Tandem Mass Spectrometry of Perfluorocarboxylate Anions: Fragmentation Induced by Reactive Species Formed From Microwave Excited Hydrogen and Water Plasmas

ABSTRACT Rationale Polyfluoroalkyl substances (PFAS) like perfluorooctanoic acid have persistent environmental and physiological effects. This study investigates the degradation of CnF2n+1CO2− (n = 1–7) with neutral radical fragmentation under oxygen attachment dissociation (OAD). Unique fragments absent from collision‐induced dissociation (CID) are observed. Further, potential mechanisms are uncovered by density functional theory (DFT) calculations. Methods From a standard mixture of PFAS, straight‐chain perfluorinated carboxylic acids with carbon chain lengths of one to eight were separated via liquid chromatography and transferred to the gas phase via negative‐mode electrospray ionisation. Each CnF2n+1CO2− of interest was mass selected and fragmented via both CID and OAD in a quadrupole time‐of‐flight mass spectrometer. DFT optimisations of structures were performed at M06/6‐31+g(d), and single point energy calculations were performed at M06‐2X/aug‐cc‐pVTZ for C3F7CO2−. Results Decarboxylation was observed from both CID and OAD, but fluorine ion and hydroxyl addition only occurred with OAD. The DFT calculations suggest that C3F6–• (m/z 150) is most likely formed from by H• attack onto a β‐ C‐F bond, then loss of HF, finally decarboxylation.

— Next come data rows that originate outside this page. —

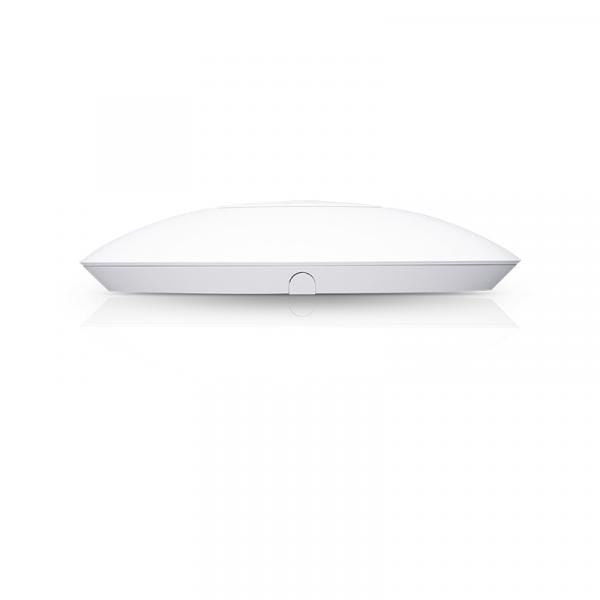 UbiQuiti UAP-NANOHD-5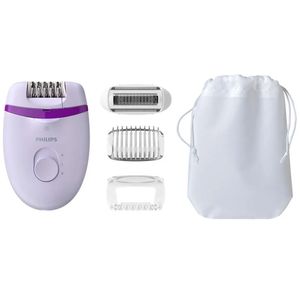 Depiladora Bre-275 Philips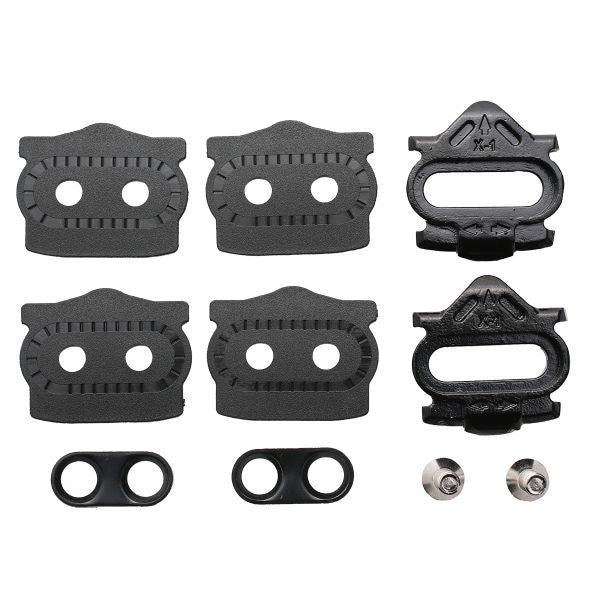 HT X1 CLEATS (X3, X2-SX, T2-SX)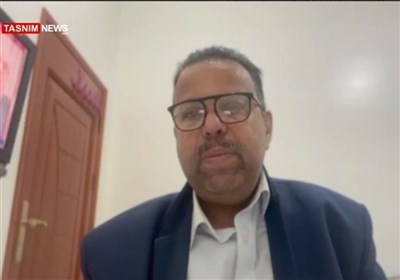 کارشناس یمنی: منافع متجاوزان را در شبه جزیره عربستان هدف قرار می دهیم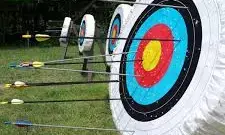 Shillong Teer Result Today (18 November 2025): First & Second Round Tuesday Lucky Draw Winning Numbers Released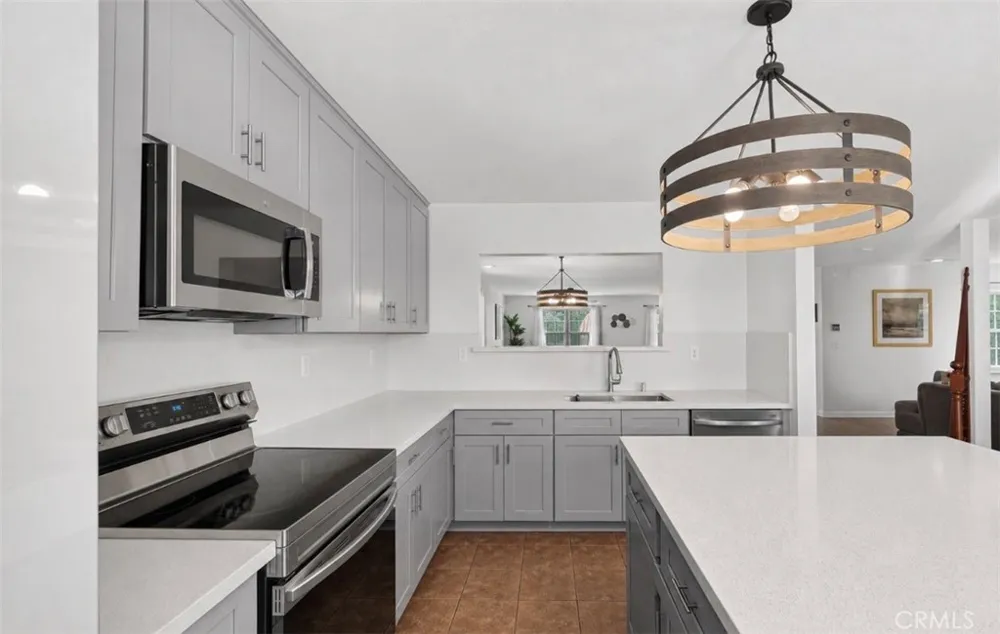 3063 Bodie Merced, CA 95341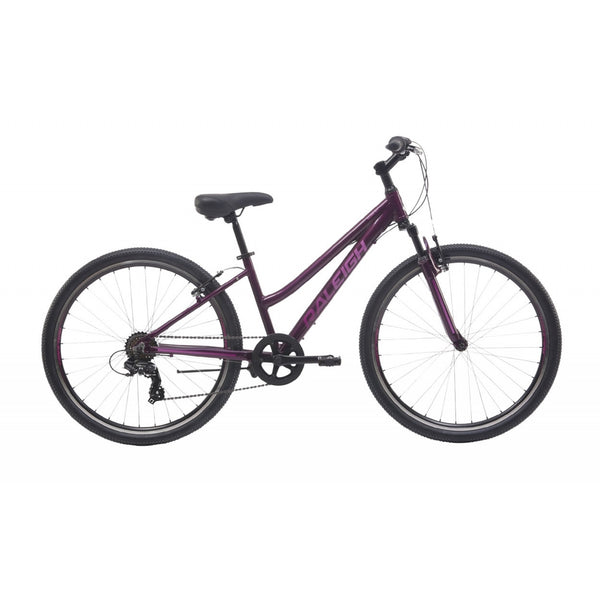 Raleigh Allure 27-1 2021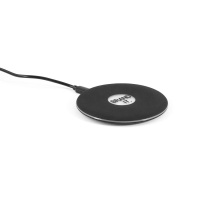 BURNELL. Wireless charger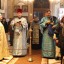 Престольный праздник в нашем храме 5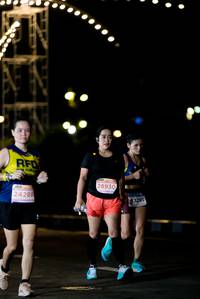 BIB: 28930, 24288, 43291
                            <button type="button" onclick="openModal(15303802)" class="btn btn-primary btn-sm float-right btn-popup" data-toggle="modal" data-target=".modal-high-quality">
                        <i class="fas fa-shopping-cart"></i> Add to Cart
                    </button>
                                            <button type="button" onclick="isThisMe(15303802, true)" class="btn btn-success btn-sm float-right btn-popup btn-isme hidden" data-toggle="tooltip" data-placement="bottom" title="นี่คือรูปของคุณใช่ไหม คลิกที่นี่เพื่อเอาเข้าอัลบั้ม">
                        <i class="fas fa-plus"></i> Add to album
                    </button>
                    <button type="button" onclick="isThisMe(15303802, false)" class="btn btn-warning btn-sm float-right btn-popup btn-isnotme hidden">
                        <i class="fas fa-ban"></i> Remove from album
                    </button>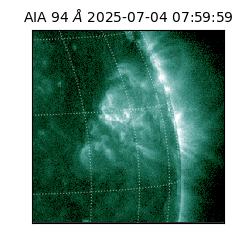 saia - 2025-07-04T07:59:59.122000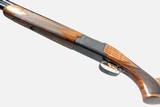 Browning Citori Ultra XS Dark Pro John M Browning Edition 12 GA 32 IN ADJ - 9 of 14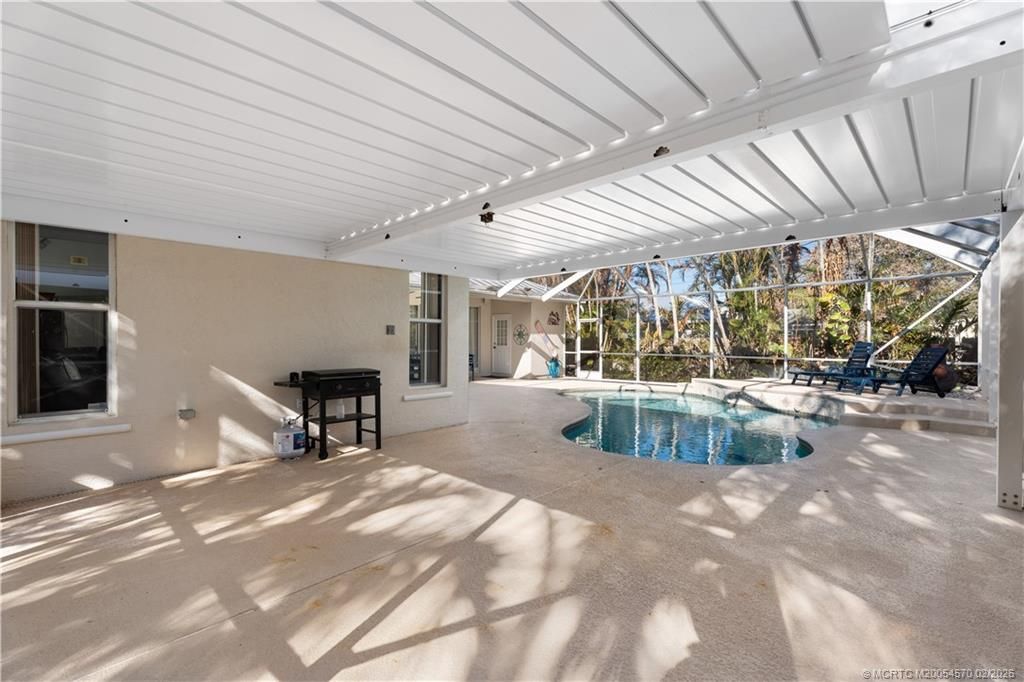 737 SW Dalton Circle, Port Saint Lucie, FL 34953 Photo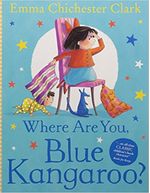 fXtc98hRcYilwpCk3sdwyTIvOb4=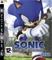 Sonic The Hedgehog, PS3-peli – kuva 6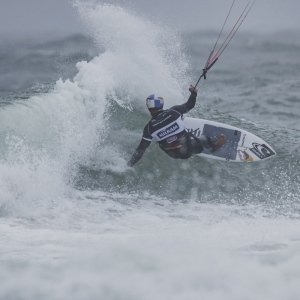 Airton-Cozzolino-Lukas_K_Stiller-2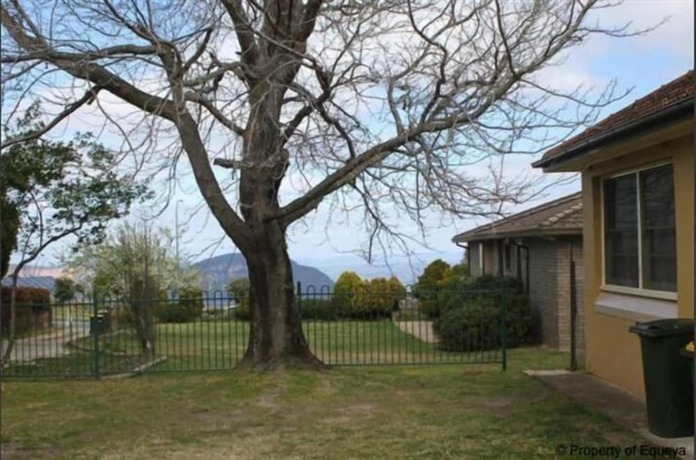 Imagen general del Hotel Echo Point Holiday Village. Foto 7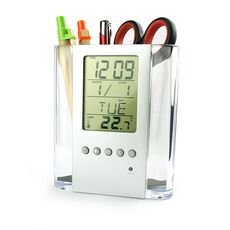 Darbo stalo organizatorius ACRI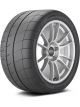 Kumho Tyre 265/35R18 97W V720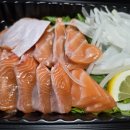 육회 밤바다 이미지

Further, C3F5O− (m/z 147) likely arises from C3F6–• recombining with OH• to produce energised C3F6OH− ions, followed by α‐ or β‐ elimination of HF to give enolate and/or epoxide‐type products. Conclusions OAD of C3F7CO2− yields unique product ions C3F6–• (m/z 150) and C3F5O− (m/z 147) absent from collision‐induced dissociation. DFT calculations suggest an intricate pathway of H• attack onto a β C‐F bond, then loss of HF, decarboxylation, recombination with OH•, and finally α‐ or β‐ elimination of HF to give the products.